-
Notifications
You must be signed in to change notification settings - Fork 38
Description
Summary
Long exfil transfers can become disproportionately slow compared to downloads, even on loopback. The behavior appears protocol‑level: polls (which are needed to elicit ACKs/data) are only sent when picoquic produces a packet, but pacing/cwnd collapse suppresses sends, starving ACKs and locking the connection into a low‑throughput regime.
Environment
- Slipstream: local build from
main - Mode: direct connection (client points at server as resolver)
- Network: loopback, no netem
Reproduction (direct connection, loopback)
- Start a TCP sink for the server target:
nc -l 5201 > /dev/null - Start the slipstream server:
slipstream-server \ --dns-listen-port=8853 \ --target-address=127.0.0.1:5201 \ --domain=test.com
- Start the slipstream client:
slipstream-client \ --congestion-control=bbr \ --tcp-listen-port=7000 \ --resolver=127.0.0.1:8853 \ --domain=test.com
- Exfiltrate 100MB and time it:
/usr/bin/time -f "elapsed=%e" sh -c \ "dd if=/dev/zero bs=1M count=100 2>/dev/null | nc 127.0.0.1 7000"
- (Optional) Repeat with 10MB (
count=10) for comparison.
Observed
Example 100MB run (loopback):
- end‑to‑end exfil: ~1.65 MiB/s
- end‑to‑end download: ~46.7 MiB/s
Despite zero loss and minimal RTT, exfil remains much slower than download and does not recover over time. Short transfers often complete before the low‑throughput regime is visible.
Expected
Exfil throughput should stay in the same order of magnitude as download for local direct‑connection tests, and should not collapse purely as transfer size increases.

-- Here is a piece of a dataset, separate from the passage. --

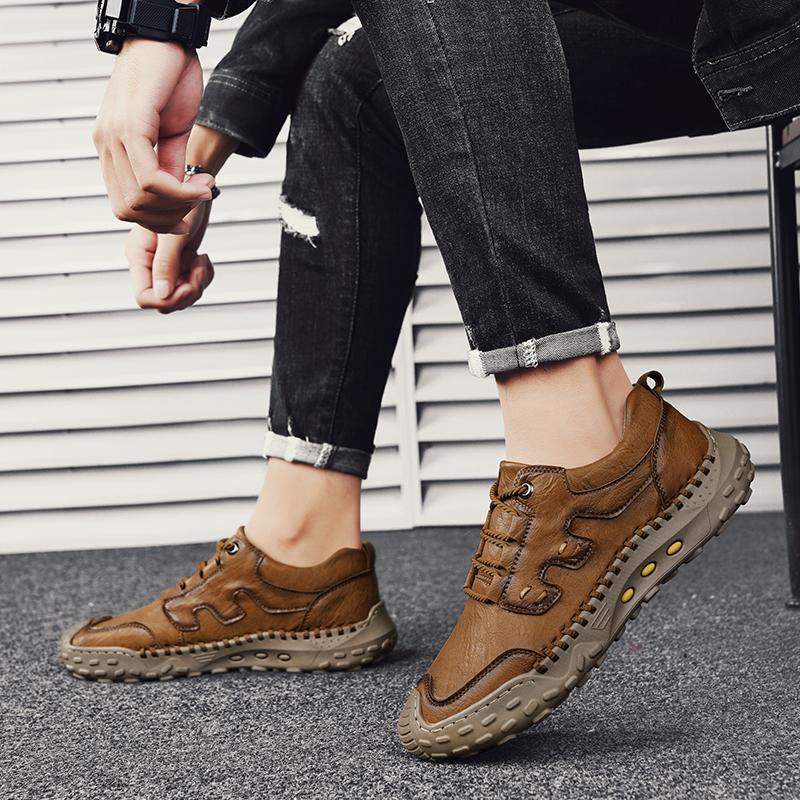 Fashion Men's Round Toe Casual Shoes Comfortable Slip Resistant Wear-resistant Daily Walking and Outdoor Leisure Activity Travel Shoe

Suspected Cause (protocol‑level)
Polling in slipstream depends on the QUIC stack producing a packet:
- The client requests a poll by setting
cnx->is_poll_requestedand callingpicoquic_prepare_packet_ex. - In
src/slipstream_sockloop.c, ifsend_length == 0, the poll loop stops. - In
subprojects/picoquic/picoquic/sender.c, poll insertion only happens when pacing allows sending.
This creates a feedback loop under sustained exfil:
- Congestion controller shrinks
cwin/pacing_rate. picoquic_prepare_packet_exyieldssend_length == 0.- Polls stop (no DNS queries), so ACKs/data are not elicited.
- RTT samples worsen and pacing remains low.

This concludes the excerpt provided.